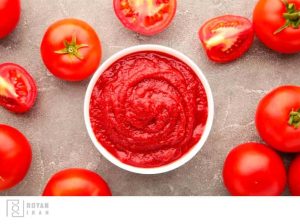 آزمون هاوارد رب گوجه فرنگی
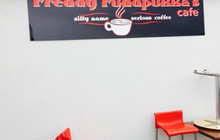 Freddy Fuddpukka's Cafe餐厅图片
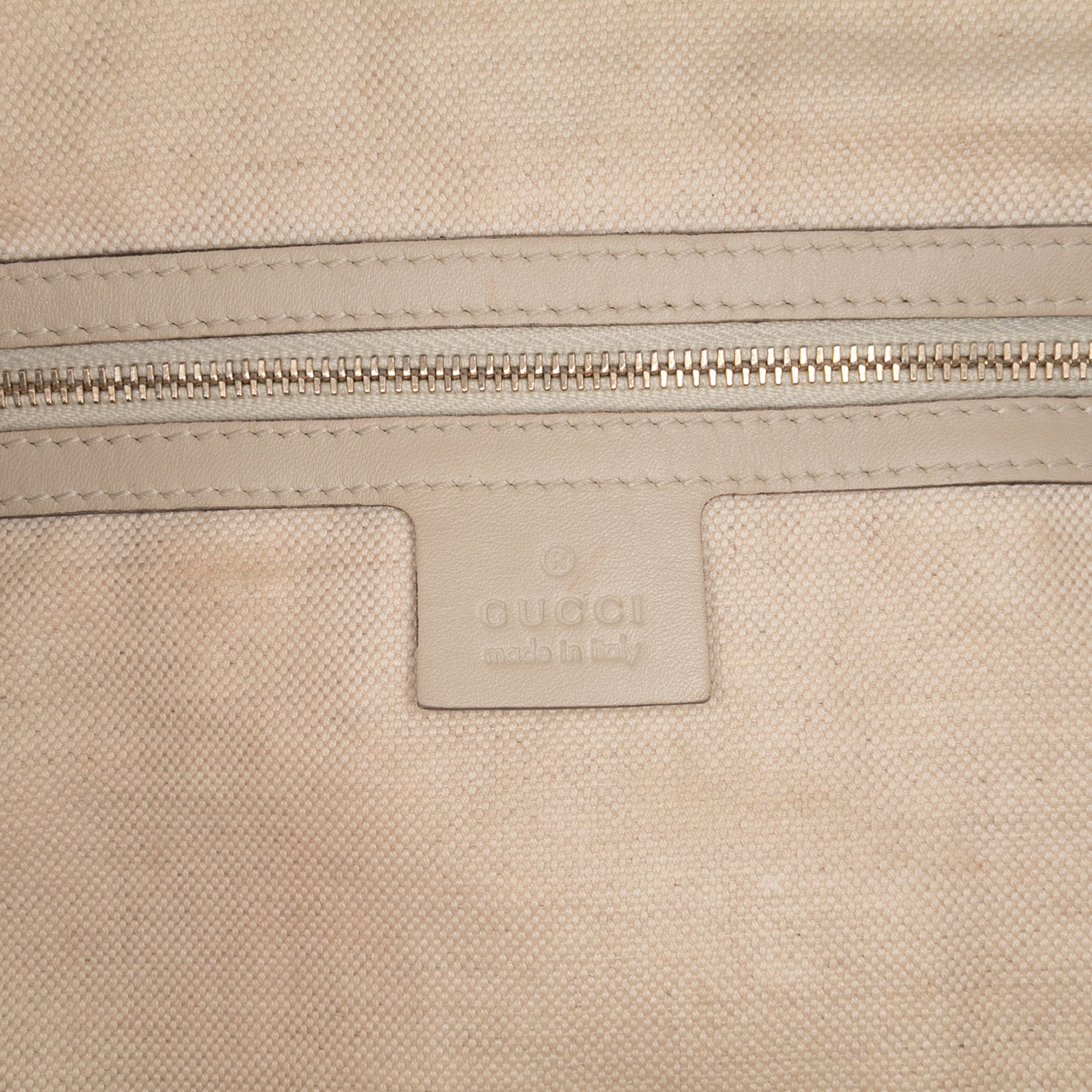 GG Canvas Lovely Tote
■ ■ ■ ■ ■ ■ ■
For each line above, output its wording exactly and leave out any picture.

 آزمون هاوارد رب گوجه فرنگی
 Freddy Fuddpukka's Cafe餐厅图片
 GG Canvas Lovely Tote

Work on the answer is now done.